**TRY IT**
Leaving out the images, reproduce every line of the data that follows exactly.
# # # # # # #
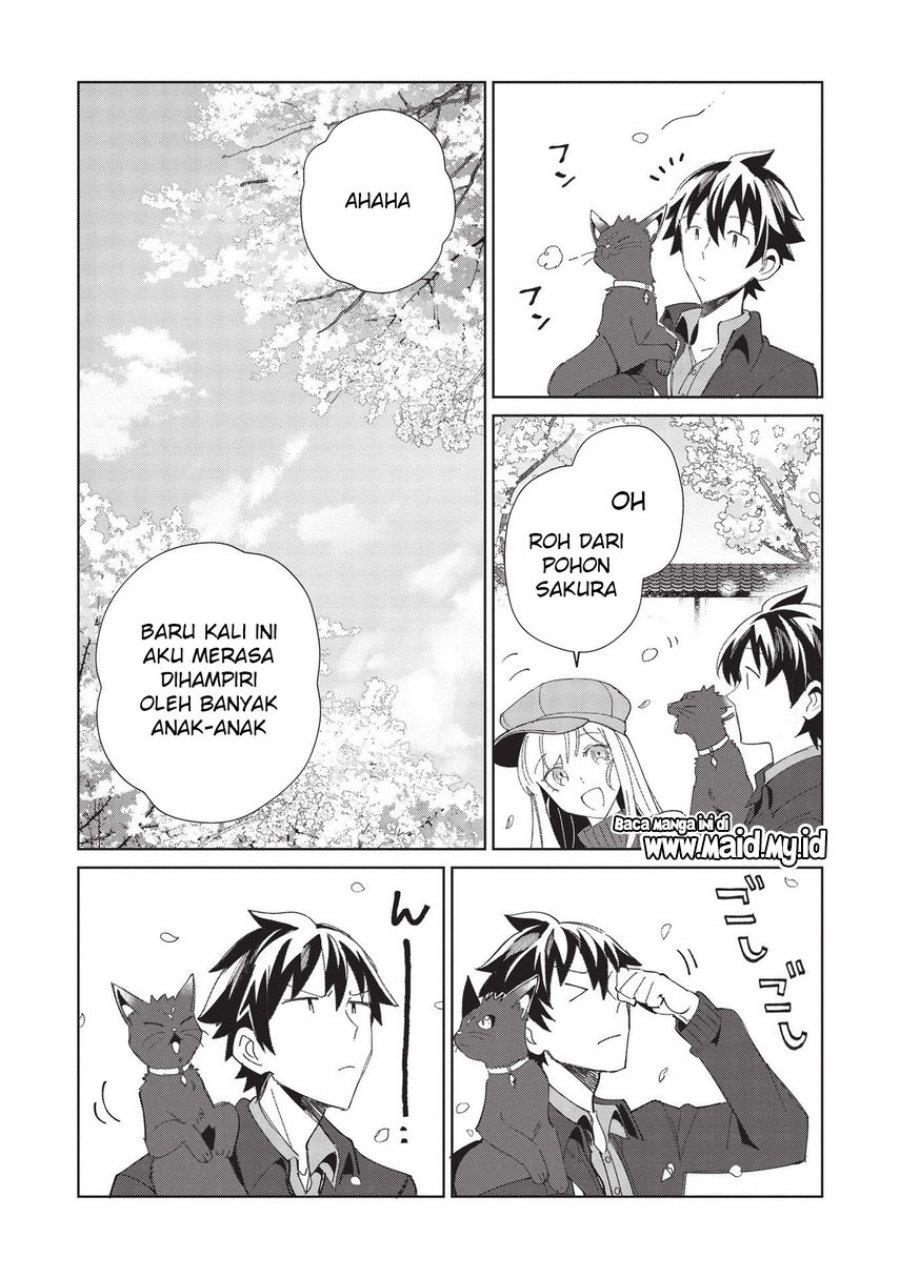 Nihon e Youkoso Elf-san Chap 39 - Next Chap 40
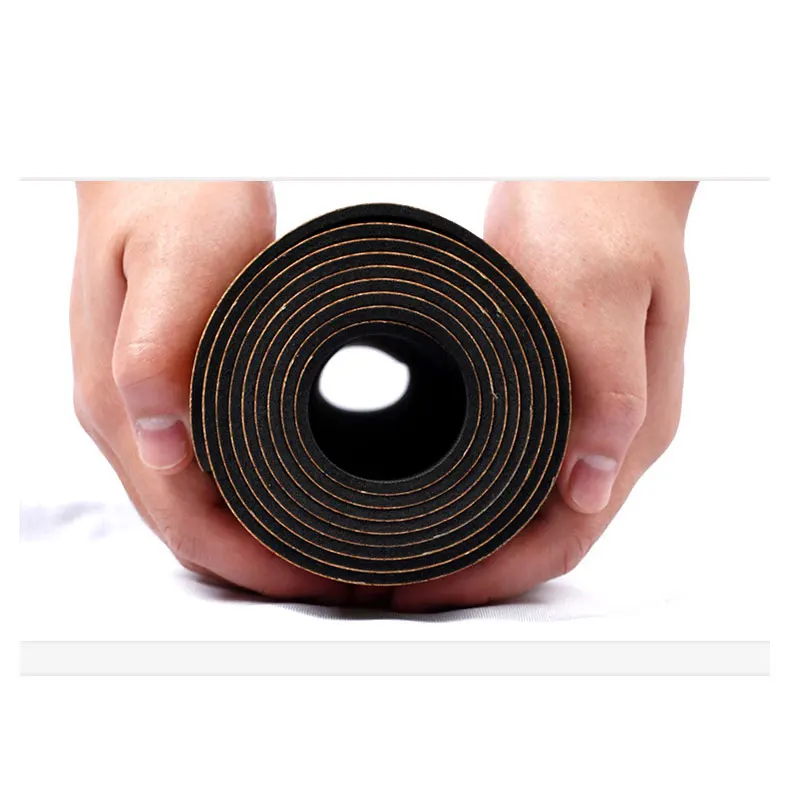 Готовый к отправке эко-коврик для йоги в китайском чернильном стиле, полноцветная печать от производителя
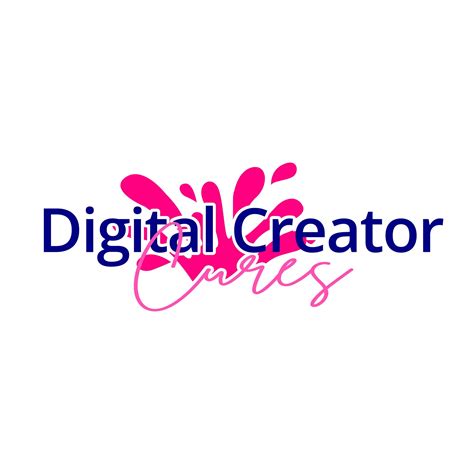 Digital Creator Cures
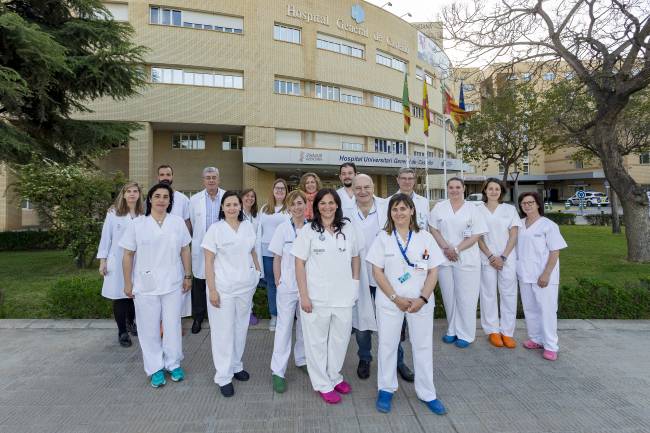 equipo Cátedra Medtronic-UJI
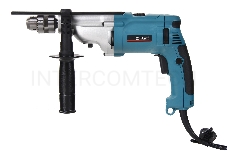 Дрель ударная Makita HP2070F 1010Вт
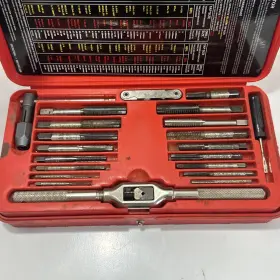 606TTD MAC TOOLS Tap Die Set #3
# # # # # # #
**SOLUTION BELOW**
 Nihon e Youkoso Elf-san Chap 39 - Next Chap 40
 Готовый к отправке эко-коврик для йоги в китайском чернильном стиле, полноцветная печать от производителя
 Digital Creator Cures
 equipo Cátedra Medtronic-UJI
 Дрель ударная Makita HP2070F 1010Вт
 606TTD MAC TOOLS Tap Die Set #3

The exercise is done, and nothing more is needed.